> _TASK DIRECTIONS_:
Return exactly the lines below, starting with the one that has "Hermosa Beach Villa" and going on through the one that has "-每食每刻·皖北新民地锅鸡".

*** Opening DATA TO USE ***

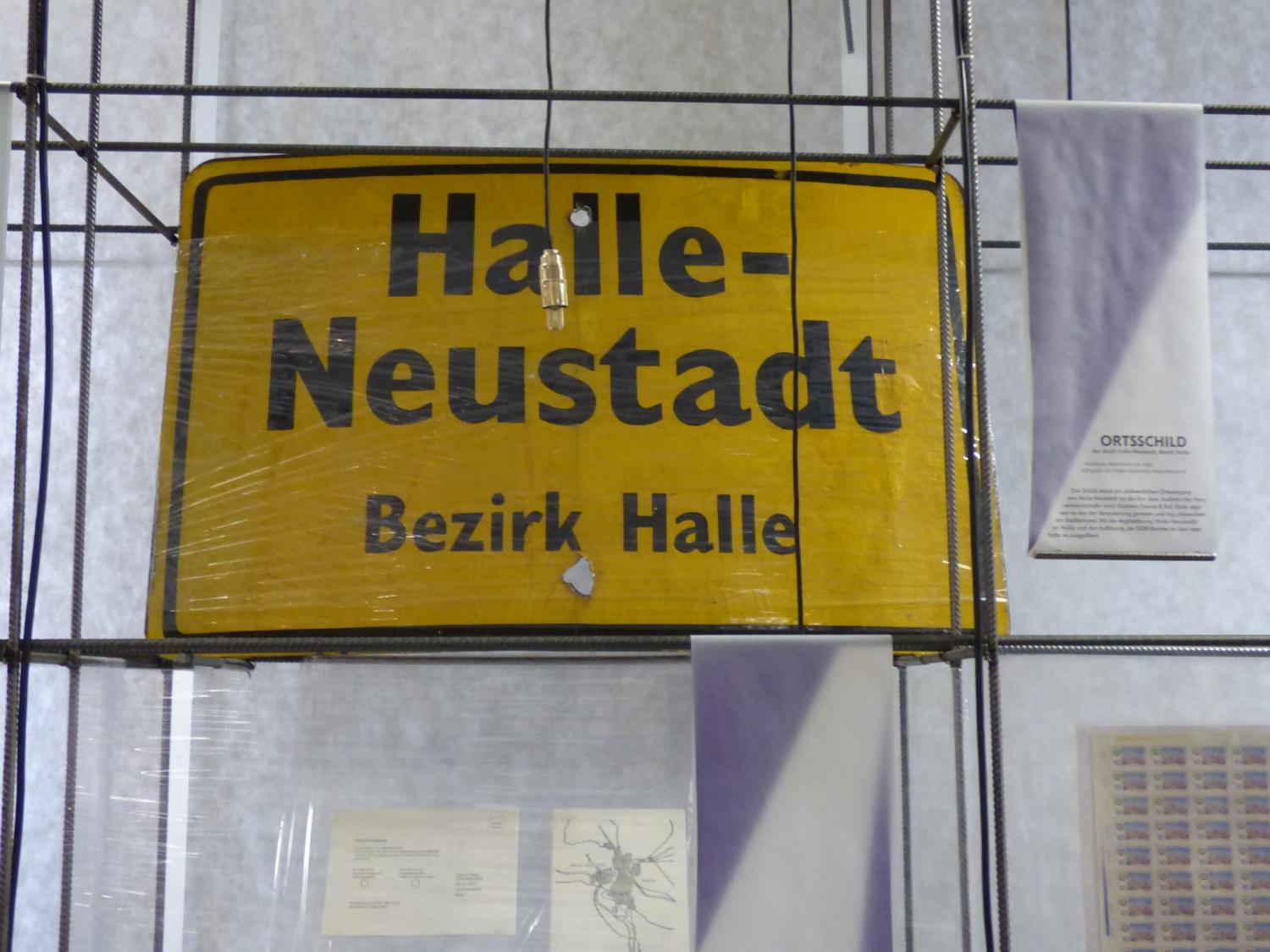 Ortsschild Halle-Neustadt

*** Closing DATA TO USE ***
*** Opening DATA TO USE ***

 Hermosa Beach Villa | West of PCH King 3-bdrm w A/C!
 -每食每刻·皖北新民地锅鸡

*** Closing DATA TO USE ***
*** Opening DATA TO USE ***

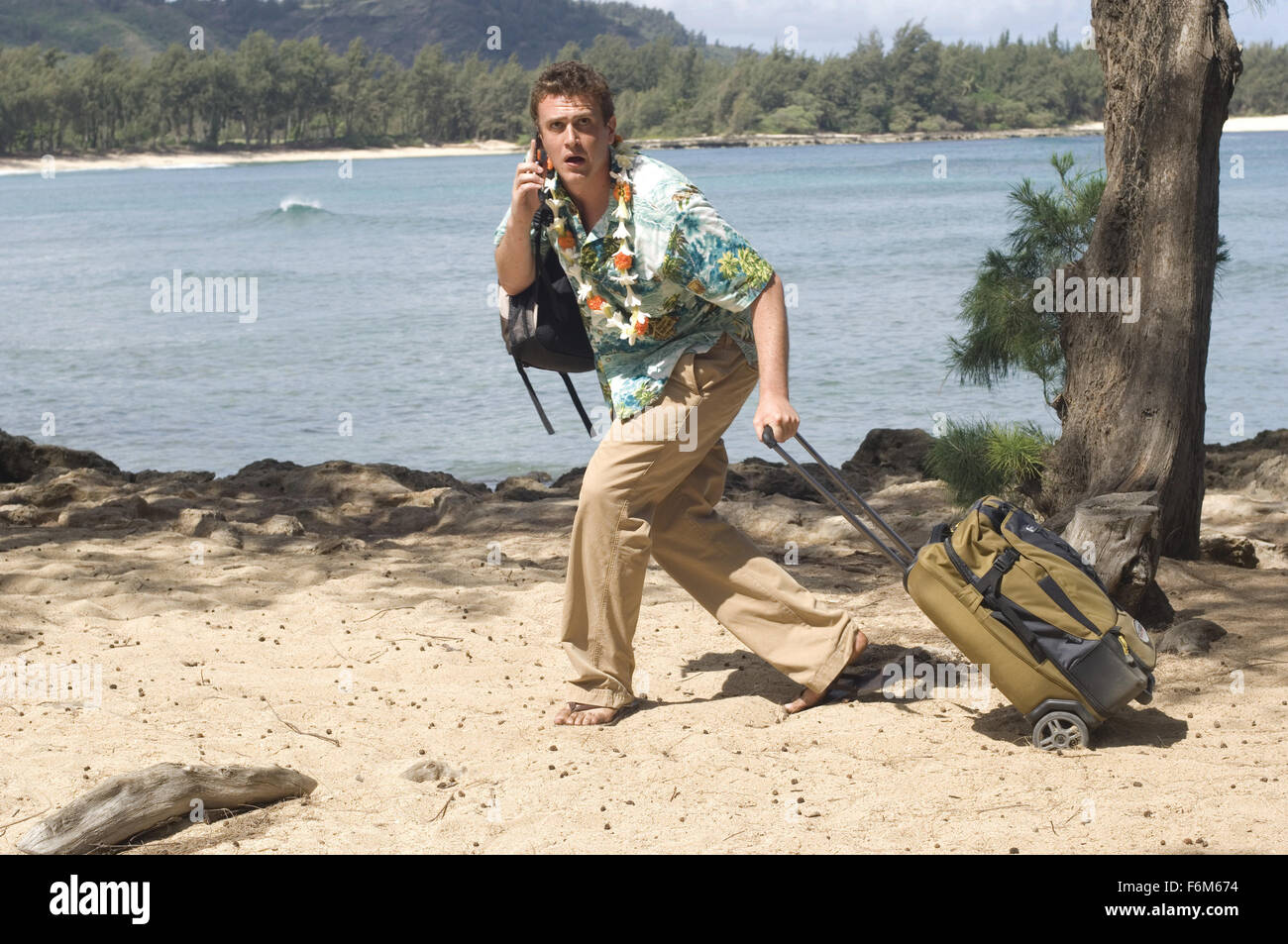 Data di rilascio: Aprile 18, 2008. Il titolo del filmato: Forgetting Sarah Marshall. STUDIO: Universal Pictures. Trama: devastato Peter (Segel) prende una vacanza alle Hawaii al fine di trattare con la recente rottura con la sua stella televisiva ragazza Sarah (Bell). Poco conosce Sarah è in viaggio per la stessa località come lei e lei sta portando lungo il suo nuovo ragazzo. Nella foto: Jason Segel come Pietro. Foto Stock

*** Closing DATA TO USE ***

> _SOLUTION TO THIS EXERCISE_:
 Hermosa Beach Villa | West of PCH King 3-bdrm w A/C!
 -每食每刻·皖北新民地锅鸡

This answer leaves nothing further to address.